Michele Silenzi è andato in Israele, si è innamorato del paese, della sua gente e del suo vivere nonostante tutto, ha avuto un colloquio con Benjamin Netanyahu, primo ministro di Israele e fratello minore di Yoni, gli è stato consentito di raccogliere le sue lettere ed ecco che questo magnifico volume (Yonathan Netanyahu, Lettere, a cura di Michele Silenzi, premessa e postfazione di Benjamin e Iddo Natanyahu, Macerata, Liberilibri, 2016, pp. 204, € 16) è insieme la storia di un giovane israeliano che ama il proprio paese e dello stesso Israele negli anni coperti dalle lettere di Yoni.
È facile cadere nella retorica quando si parla di un giovane eroe, ma noi stiamo parlando di Israele, di un paese la cui volontà di vivere si riflette nella vita quotidiana di ogni israeliano, che non cede e anzi si confronta con una realtà ostile, ma che fortifica l’ethos nazionale.

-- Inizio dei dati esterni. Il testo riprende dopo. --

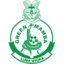 Green Mamba logo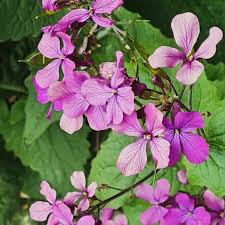 Image result for Lunaria annua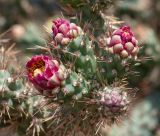 Cylindropuntia cholla. Соцветие с бутоном и раскрывающимися цветками. Израиль, Шарон, г. Тель-Авив, ботанический сад \"Сад кактусов\". 29.08.2019.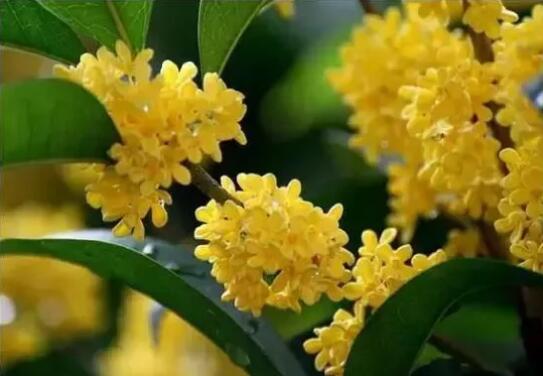 看看以鄉(xiāng)村植物為主元素設計的農(nóng)場婚禮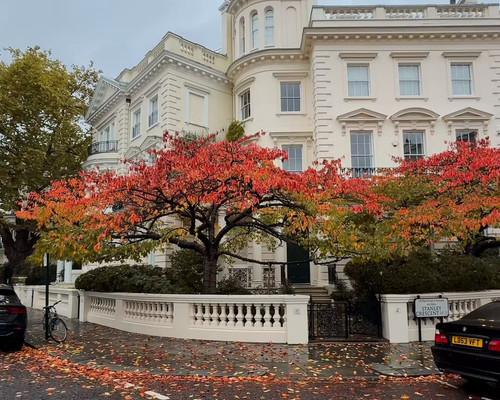 ujoQkj4 Pq6fSBzK.jpg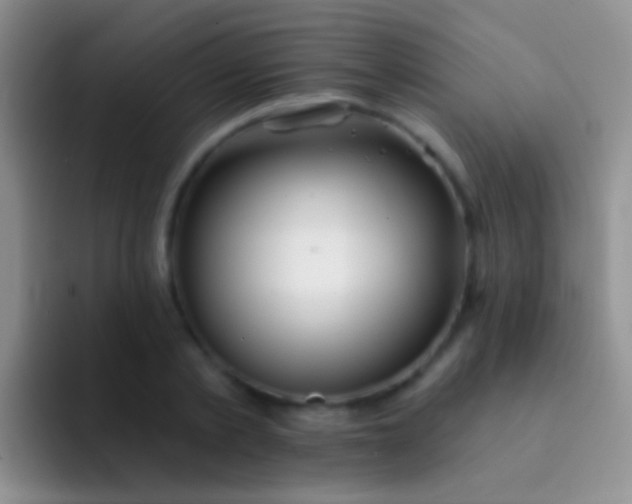 X0000092080789200709262103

E, come scrive Benjamin Netanyahu nella breve prefazione al libro, i genitori dei figli caduti “possano trovare conforto nel fatto che nel testamento di Yoni risuona l’eroismo di così tanti caduti figli di Israele”.
Nel gennaio del 1963, Yonathan e il fratello minore Iddo si trasferirono negli Stati Uniti insieme con i genitori e lì Yoni studiò. Ma gli Stati Uniti gli erano estranei, a differenza di tanti europei che vedevano in quel paese la meta dei loro desideri. Ma Yoni era figlio di Israele e ripeteva in una lettera a un amico: “E io voglio ritornare, ritornare, ritornare…la parola continua ad affiorare in superficie…senza scopo, senza speranza…però rodendomi, trafiggendomi, ferendomi”. Sentimentalismo giovanile? Per nulla. Qui sta l’inizio del romanzo di formazione di Yoni: “Sto aspettando di ritornare, e ricominciare a vivere”.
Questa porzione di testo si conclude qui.